◆ Problem description: For this listing, reproduce the line with "Obleček pro Lucky", the line with "08-Oxford-Canal-Hillmorton-Top-Lock-01.JPG", and the lines between, exactly as they stand. Leave out pictures and all other lines.

◆ Data to examine:
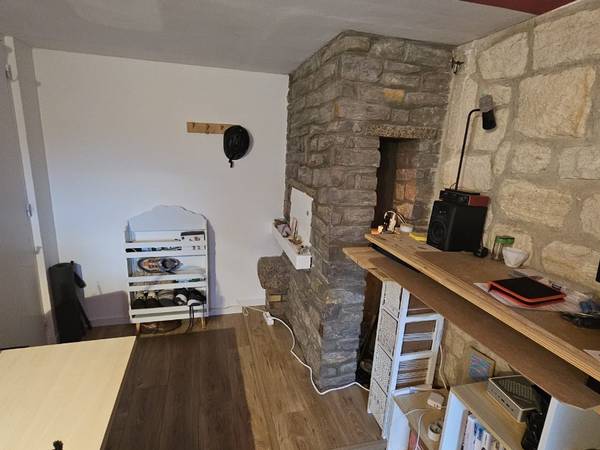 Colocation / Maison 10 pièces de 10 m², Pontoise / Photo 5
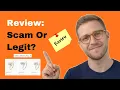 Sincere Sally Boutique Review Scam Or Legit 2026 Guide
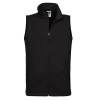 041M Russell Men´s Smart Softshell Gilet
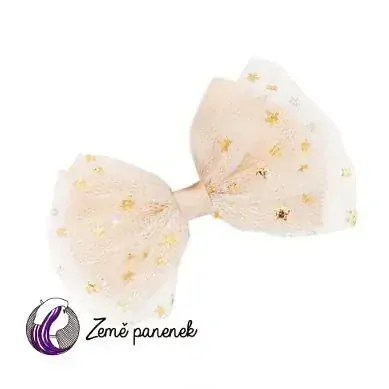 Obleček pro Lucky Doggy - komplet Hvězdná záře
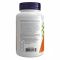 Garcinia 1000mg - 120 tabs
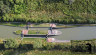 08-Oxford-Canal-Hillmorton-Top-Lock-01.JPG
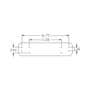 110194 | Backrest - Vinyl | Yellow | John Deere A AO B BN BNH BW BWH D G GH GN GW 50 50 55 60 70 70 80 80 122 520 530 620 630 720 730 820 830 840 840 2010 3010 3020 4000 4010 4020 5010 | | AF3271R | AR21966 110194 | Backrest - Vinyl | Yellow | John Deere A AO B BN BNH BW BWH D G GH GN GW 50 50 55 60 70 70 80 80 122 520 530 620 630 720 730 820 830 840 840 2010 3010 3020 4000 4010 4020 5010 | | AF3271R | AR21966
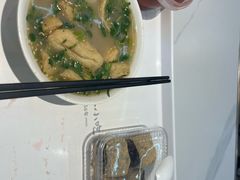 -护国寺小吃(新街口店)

==

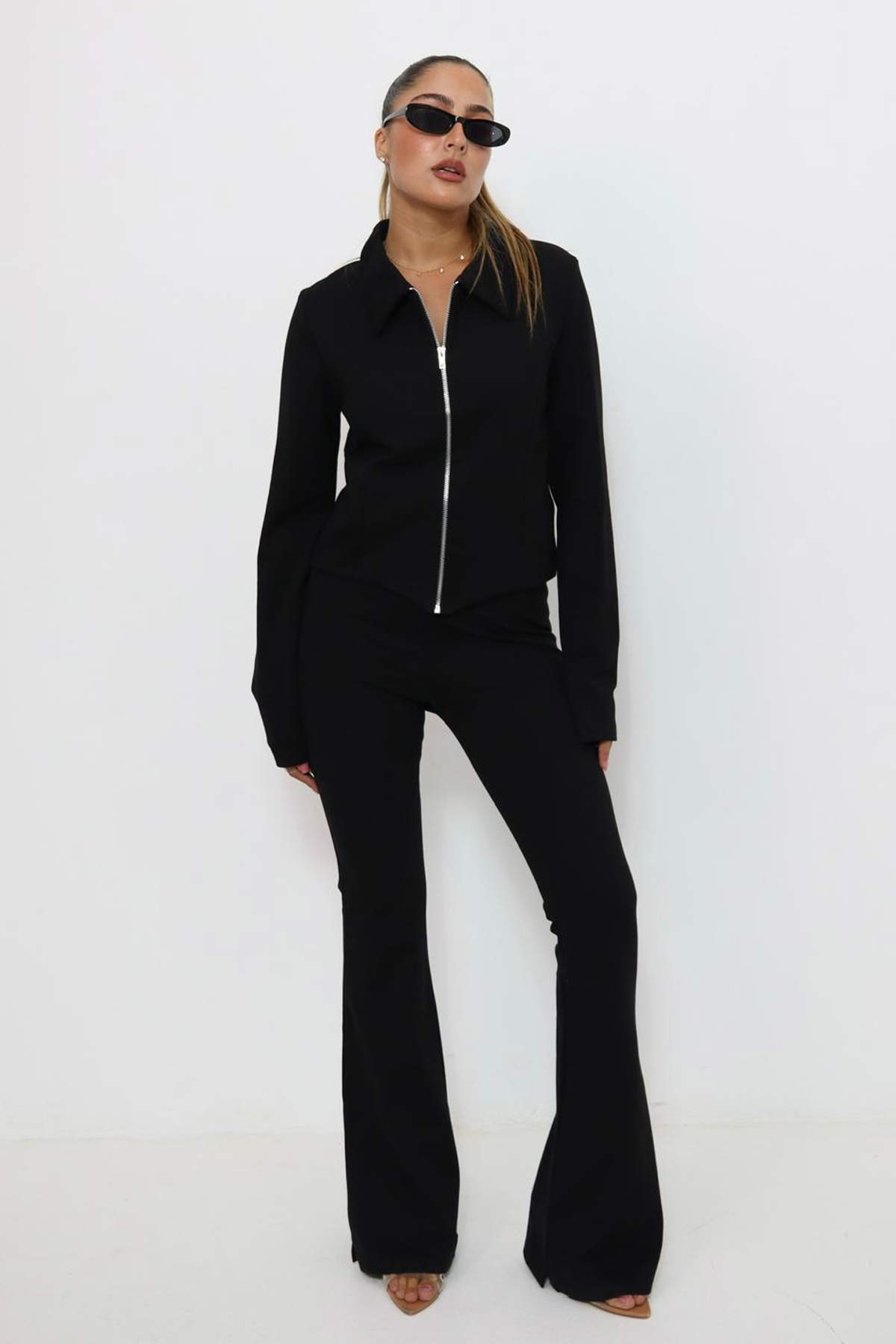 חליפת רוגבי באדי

◆ Final answer:
 Obleček pro Lucky Doggy - komplet Hvězdná záře
 Garcinia 1000mg - 120 tabs
 08-Oxford-Canal-Hillmorton-Top-Lock-01.JPG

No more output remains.